Bij uitspraak van 20 december 2016 (ECLI:NL:CRVB:2016:4872) heeft de Raad, onder verwijzing naar de uitspraak van 23 november 2016 van de Afdeling bestuursrechtspraak van de Raad van State (ECLI:NL:RVS:2016:3131), zijn rechtspraak over de toetsing door de bestuursrechter van besluiten op een herhaalde aanvraag of een verzoek om terug te komen van een besluit gewijzigd. Deze nieuwe lijn wordt met onmiddellijke ingang gehanteerd. De nieuwe lijn heeft geen verandering gebracht in het gegeven dat een bestuursorgaan er ingevolge artikel 4:6, tweede lid, van de Awb voor kan kiezen om, als er volgens hem geen nieuw gebleken feiten of veranderde omstandigheden zijn, een herhaalde aanvraag af te wijzen onder verwijzing naar zijn eerdere afwijzende besluit. Hetzelfde geldt, als een rechtzoekende het bestuursorgaan verzoekt terug te komen van een besluit. Uit het bestreden besluit blijkt dat in dit geval het verzoek van betrokkene op deze wijze is afgedaan.
3.4.
Omdat ten tijde van het indienen van het rekest de bezwaartermijnen voor de waarnemingsperiodes 1 en 2 al waren verstreken staan de besluiten die op die twee periodes betrekking hebben in rechte vast. Dit betekent dat de rechtbank ten onrechte heeft geoordeeld dat artikel 4:6 van de Awb toepassing mist. Nu betrokkene niet heeft bestreden dat geen nieuwe feiten of veranderde omstandigheden zijn aangevoerd, heeft de staatssecretaris mogen besluiten niet terug te komen van de besluiten om geen financiële compensatie toe te kennen voor de waarneming door betrokkene. Voor het oordeel dat dit besluit als evident onredelijk is te beschouwen, is geen grond.
3.5.
Omdat het verzoek van betrokkene wat betreft periode 3 is ingediend tijdens deze laatste waarneming en de besluitvorming over die periode ten tijde van dat verzoek dus nog niet was afgerond en de bezwaartermijnen ter zake nog niet, althans niet volledig, waren verstreken, heeft de staatssecretaris met juistheid tot uitgangspunt genomen dat in zoverre geen sprake was van een (zuiver) verzoek om terug te komen van in rechte vaststaande besluitvorming betreffende een afgesloten periode. Reeds vanwege dit verschil met de periodes 1 en 2 is geen sprake van gelijke gevallen en willekeur, zoals betrokkene heeft betoogd.
3.6.
Uit 3.2 tot en met 3.5 volgt dat het hoger beroep van de staatssecretaris slaagt en de aangevallen uitspraak moet worden vernietigd. Doende wat de rechtbank zou behoren te doen zal de Raad het beroep ongegrond verklaren.

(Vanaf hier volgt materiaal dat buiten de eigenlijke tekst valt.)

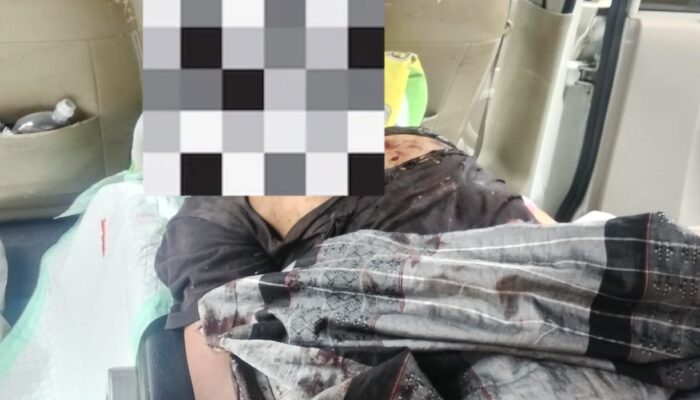 Dua Pemuda Terluka Akibat Ledakan Petasan di Mangunjaya, Polisi Datangi TKP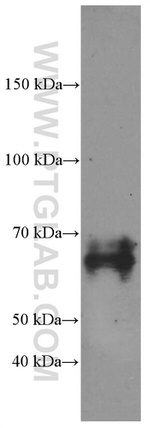 NUMB Antibody in Western Blot (WB)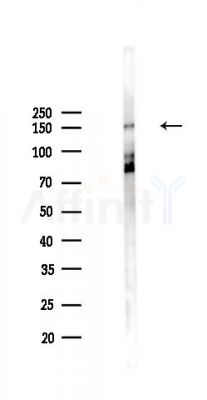 Phospho-MCSF Receptor (Tyr809) Antibody - Western blot analysis of lysates from PC12 cells(UV,30min treatment), using Phospho-MCSF Receptor (Tyr809) Antibody at 1/1000 dilution.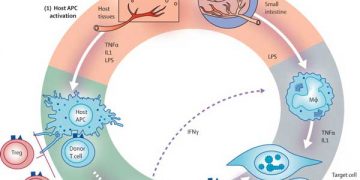 Yamaya Karşı Konak Tepkimesi Nedir?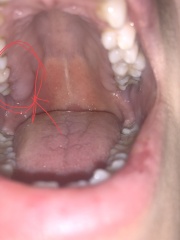 Help any dentists here? (warning grim picture!)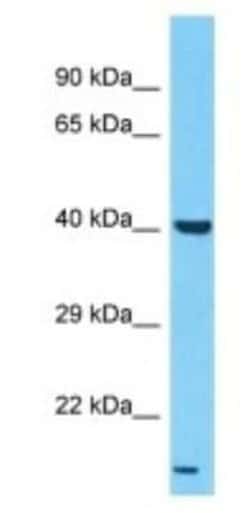 LPAR6/P2RY5 Rabbit anti-Human, Polyclonal, Novus Biologicals:Antibodies:Primary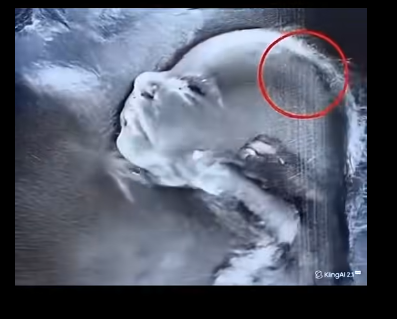 Doctors couldn’t believe what they saw during the ultrasound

4. Nu het voorgaande al betekent dat het bestreden besluit stand houdt, komt de Raad niet meer toe aan een bespreking van de omvang van de waarneming in periodes 1 en 2, zoals aan de orde gesteld in het hoger beroep van betrokkene.
5. Voor een proceskostenveroordeling bestaat geen aanleiding.

BESLISSING

De Centrale Raad van Beroep
- vernietigt de aangevallen uitspraak;
- verklaart het beroep van betrokkene ongegrond.
Deze uitspraak is gedaan door B.J. van de Griend als voorzitter en K.J. Kraan en H. Lagas als leden, in tegenwoordigheid van J. Tuit als griffier. De beslissing is uitgesproken in het openbaar op 1 maart 2018.